Task objective: Copy out, exactly, the first line of the entries below and every line after it through the one containing "66 Jaar Verjaardag".

Data for this exercise:

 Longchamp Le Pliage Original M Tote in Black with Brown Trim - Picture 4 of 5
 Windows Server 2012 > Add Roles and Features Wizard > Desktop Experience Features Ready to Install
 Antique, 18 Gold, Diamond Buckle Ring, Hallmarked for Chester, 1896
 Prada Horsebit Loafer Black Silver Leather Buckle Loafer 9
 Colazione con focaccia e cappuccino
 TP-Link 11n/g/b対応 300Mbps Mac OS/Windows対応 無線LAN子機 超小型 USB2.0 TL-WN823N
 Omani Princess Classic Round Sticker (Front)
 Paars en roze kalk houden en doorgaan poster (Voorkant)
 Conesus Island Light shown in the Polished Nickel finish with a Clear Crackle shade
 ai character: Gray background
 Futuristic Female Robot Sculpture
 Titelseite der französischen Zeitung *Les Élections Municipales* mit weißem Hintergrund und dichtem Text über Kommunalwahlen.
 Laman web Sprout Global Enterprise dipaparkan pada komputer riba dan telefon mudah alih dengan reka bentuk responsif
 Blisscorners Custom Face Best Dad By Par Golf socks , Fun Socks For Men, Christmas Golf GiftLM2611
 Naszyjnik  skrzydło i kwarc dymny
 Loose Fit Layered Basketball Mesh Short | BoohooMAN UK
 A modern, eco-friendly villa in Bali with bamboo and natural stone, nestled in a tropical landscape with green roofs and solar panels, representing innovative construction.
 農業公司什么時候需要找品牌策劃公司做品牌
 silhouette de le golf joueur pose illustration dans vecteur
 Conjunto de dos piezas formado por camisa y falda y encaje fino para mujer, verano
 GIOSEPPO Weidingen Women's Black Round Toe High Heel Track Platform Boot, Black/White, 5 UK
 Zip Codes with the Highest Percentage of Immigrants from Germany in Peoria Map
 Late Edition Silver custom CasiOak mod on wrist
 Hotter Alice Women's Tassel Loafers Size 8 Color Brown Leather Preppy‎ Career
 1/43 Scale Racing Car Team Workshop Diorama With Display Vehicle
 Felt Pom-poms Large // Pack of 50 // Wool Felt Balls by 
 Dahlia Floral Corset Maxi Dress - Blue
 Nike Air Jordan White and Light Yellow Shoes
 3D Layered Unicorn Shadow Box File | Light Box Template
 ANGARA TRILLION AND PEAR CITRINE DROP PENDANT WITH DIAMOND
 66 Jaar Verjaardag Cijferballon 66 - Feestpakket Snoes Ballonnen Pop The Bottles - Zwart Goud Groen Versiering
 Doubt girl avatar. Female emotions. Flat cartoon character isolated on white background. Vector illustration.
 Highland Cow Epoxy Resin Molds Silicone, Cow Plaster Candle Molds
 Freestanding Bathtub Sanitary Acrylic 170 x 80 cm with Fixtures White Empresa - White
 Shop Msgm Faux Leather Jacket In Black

Solution to the problem:
 Longchamp Le Pliage Original M Tote in Black with Brown Trim - Picture 4 of 5
 Windows Server 2012 > Add Roles and Features Wizard > Desktop Experience Features Ready to Install
 Antique, 18 Gold, Diamond Buckle Ring, Hallmarked for Chester, 1896
 Prada Horsebit Loafer Black Silver Leather Buckle Loafer 9
 Colazione con focaccia e cappuccino
 TP-Link 11n/g/b対応 300Mbps Mac OS/Windows対応 無線LAN子機 超小型 USB2.0 TL-WN823N
 Omani Princess Classic Round Sticker (Front)
 Paars en roze kalk houden en doorgaan poster (Voorkant)
 Conesus Island Light shown in the Polished Nickel finish with a Clear Crackle shade
 ai character: Gray background
 Futuristic Female Robot Sculpture
 Titelseite der französischen Zeitung *Les Élections Municipales* mit weißem Hintergrund und dichtem Text über Kommunalwahlen.
 Laman web Sprout Global Enterprise dipaparkan pada komputer riba dan telefon mudah alih dengan reka bentuk responsif
 Blisscorners Custom Face Best Dad By Par Golf socks , Fun Socks For Men, Christmas Golf GiftLM2611
 Naszyjnik  skrzydło i kwarc dymny
 Loose Fit Layered Basketball Mesh Short | BoohooMAN UK
 A modern, eco-friendly villa in Bali with bamboo and natural stone, nestled in a tropical landscape with green roofs and solar panels, representing innovative construction.
 農業公司什么時候需要找品牌策劃公司做品牌
 silhouette de le golf joueur pose illustration dans vecteur
 Conjunto de dos piezas formado por camisa y falda y encaje fino para mujer, verano
 GIOSEPPO Weidingen Women's Black Round Toe High Heel Track Platform Boot, Black/White, 5 UK
 Zip Codes with the Highest Percentage of Immigrants from Germany in Peoria Map
 Late Edition Silver custom CasiOak mod on wrist
 Hotter Alice Women's Tassel Loafers Size 8 Color Brown Leather Preppy‎ Career
 1/43 Scale Racing Car Team Workshop Diorama With Display Vehicle
 Felt Pom-poms Large // Pack of 50 // Wool Felt Balls by 
 Dahlia Floral Corset Maxi Dress - Blue
 Nike Air Jordan White and Light Yellow Shoes
 3D Layered Unicorn Shadow Box File | Light Box Template
 ANGARA TRILLION AND PEAR CITRINE DROP PENDANT WITH DIAMOND
 66 Jaar Verjaardag Cijferballon 66 - Feestpakket Snoes Ballonnen Pop The Bottles - Zwart Goud Groen Versiering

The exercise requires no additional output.